Given information -
━━━━━━

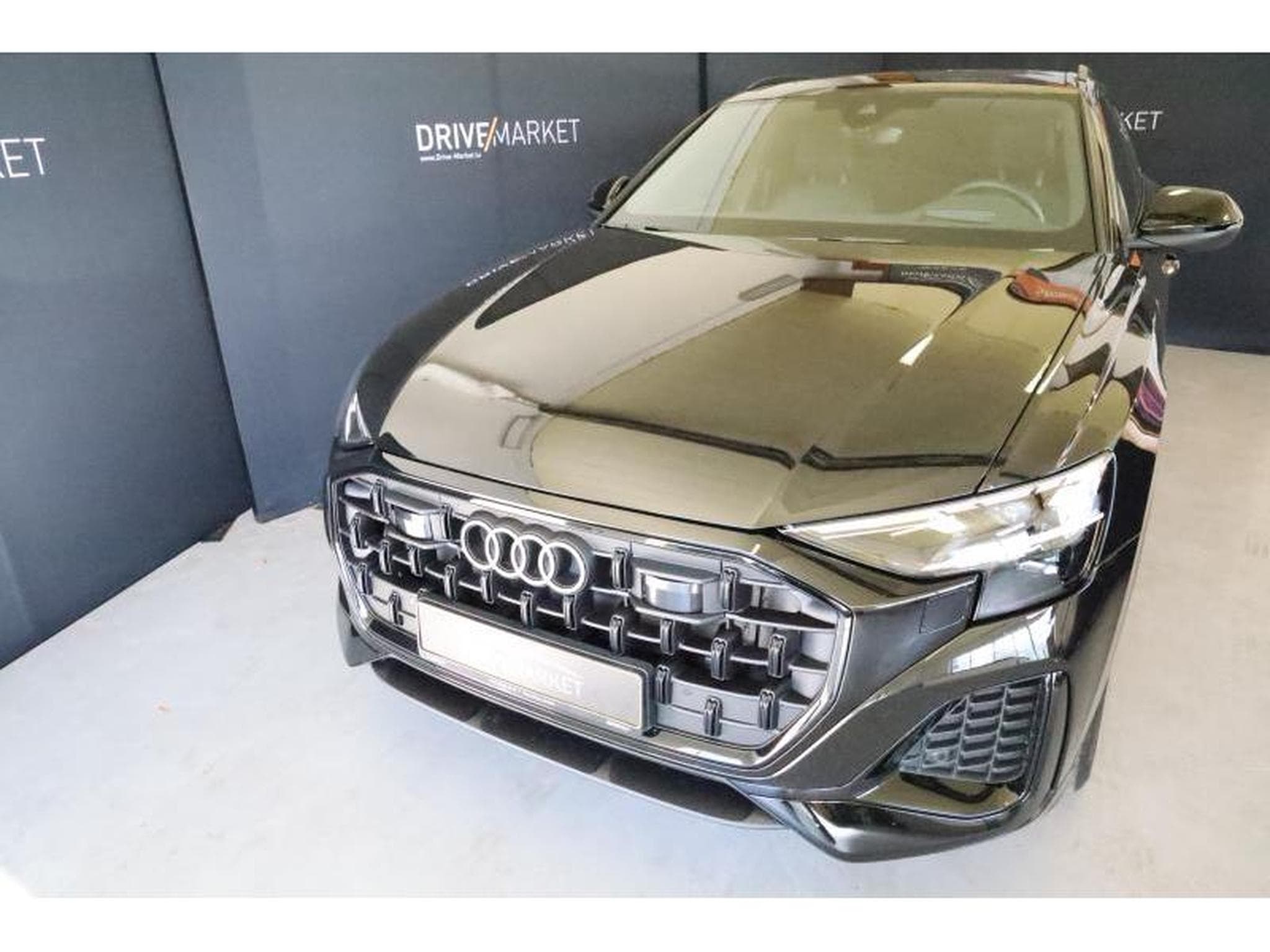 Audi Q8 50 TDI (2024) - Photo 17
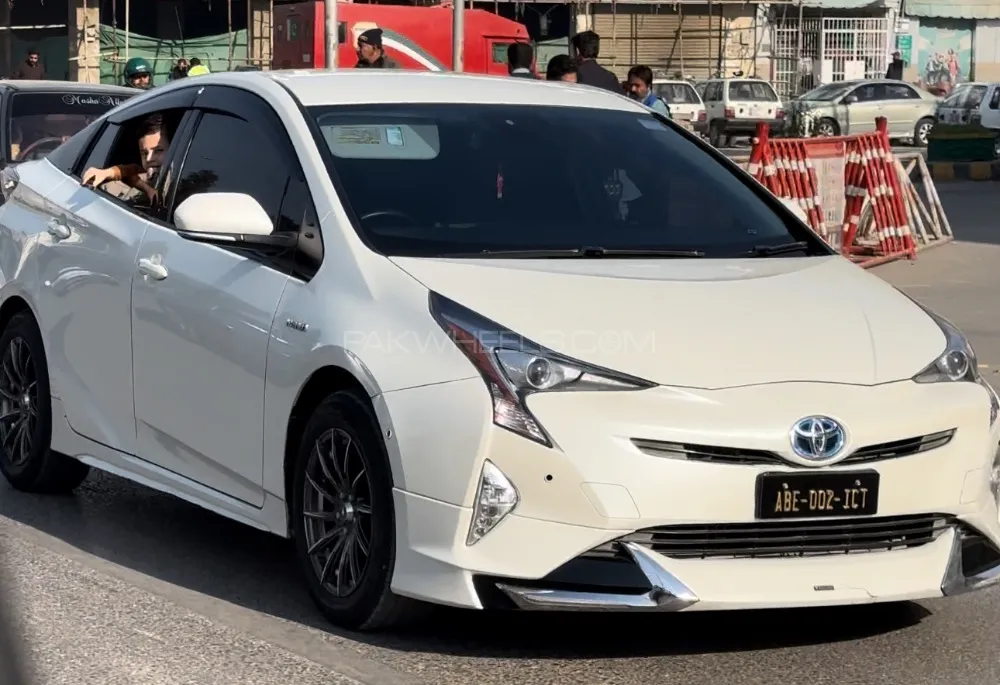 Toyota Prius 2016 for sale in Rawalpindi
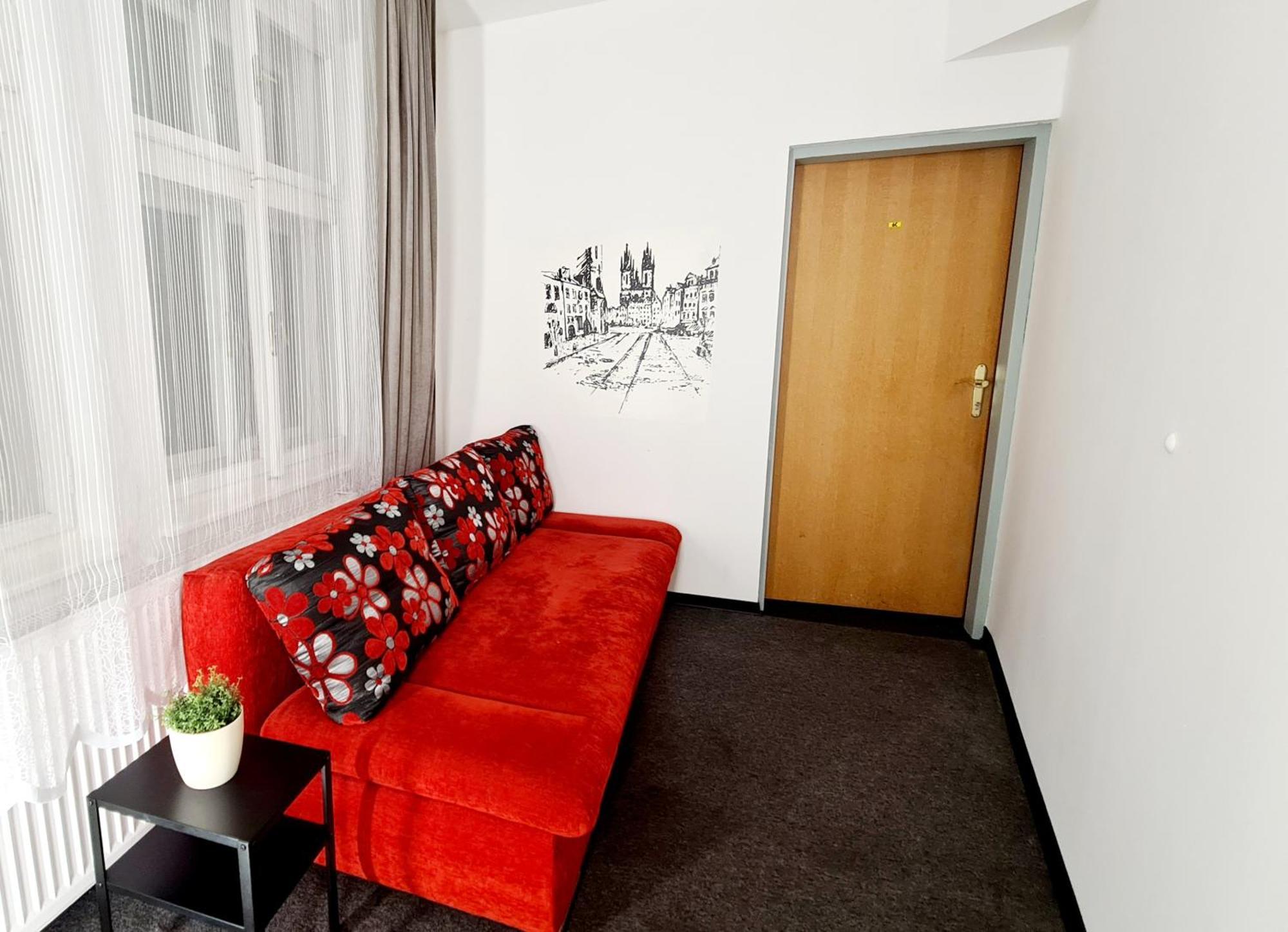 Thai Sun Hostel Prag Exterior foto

━━━━━━

Your assignment - Every line above should be repeated exactly; pictures stay out of the copy.

Task answer -
 Audi Q8 50 TDI (2024) - Photo 17
 Toyota Prius 2016 for sale in Rawalpindi
 Thai Sun Hostel Prag Exterior foto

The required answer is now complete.